The code in this repo does the following things:
-
Fuzzy matching between the names of faculty members from the network data and the names of authors in the Microsoft Academic Graph using the fuzzymatcher library. This generates many candidate matches.
-
Filtering the full Microsoft Academic Graph corpus down to only include the probable matches using Dask.
-
Generating a network of journals in the corpus that are linked by shared authors. We use this network to help filter out non-sociologists from the dataset. The idea is that we can take eigenvector centrality scores of the journals and then score authors by how much they publish in high centrality (and therefore more likely to be sociology journals)

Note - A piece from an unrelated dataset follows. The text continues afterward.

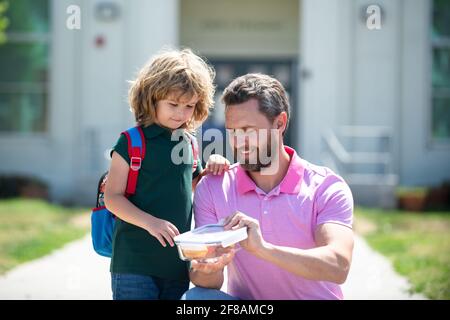 Schuljunge, der mit Vater zur Schule geht. Schuljunge und Eltern im Hemd mit Lunchbox. Schulessen für Kinder. Stockfoto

This code requires data that lives in several spots:
The data from the ASA Guide to Graduate Department lives locally on my computer but is uploaded to two other locations. The Midway3 servers of the Research Computing Center of the University of Chicago and the Cronus Server of Social Science Computing Services, also at UChicago.
The Microsoft Academic Graph (MAG) lives on the Midway3 Servers and all the scripts related to parsing that data should be run on midway3, typically using sbatch
scripts which describe the partitions, nodes and cores to use.
Here is a table to show what scripts should be run where and in what order, as well as a short description:
Script | Type | Where To Run | Description | Output |
---|---|---|---|---|
fuzzy_matches.py |
Data | Midway3 | Performs fuzzy matching produces many csvs | /matches |
get_author_candidates.py |
Data | Midway3 | filters the MAG corpus to get authors from fuzzy matching and saves key of faculty to author names from fuzzy matching | key_faculty2authors.csv, authors.csv |
filter_mag_corpus.py |
Data | Midway3 | Filters out the complete MAG data down to the names we feed it | authors2papers.csv, papers.csv |
filter_journals.py |
Data | Midway3 | Does the same but now for journals | journals.csv |
filtered_cited |
Data | Midway3 | Filters papers to get only the ones citing our authors papers | citing.csv |
net_project.py |
Data | Midway3 | Projects the two-mode network to a one-mode, journal to journal network | journal2journal_mat.csv , authors2journals_mat.csv |
journal_net.R |
Analysis | Local | Performs first analyses on the journal to journal network | None |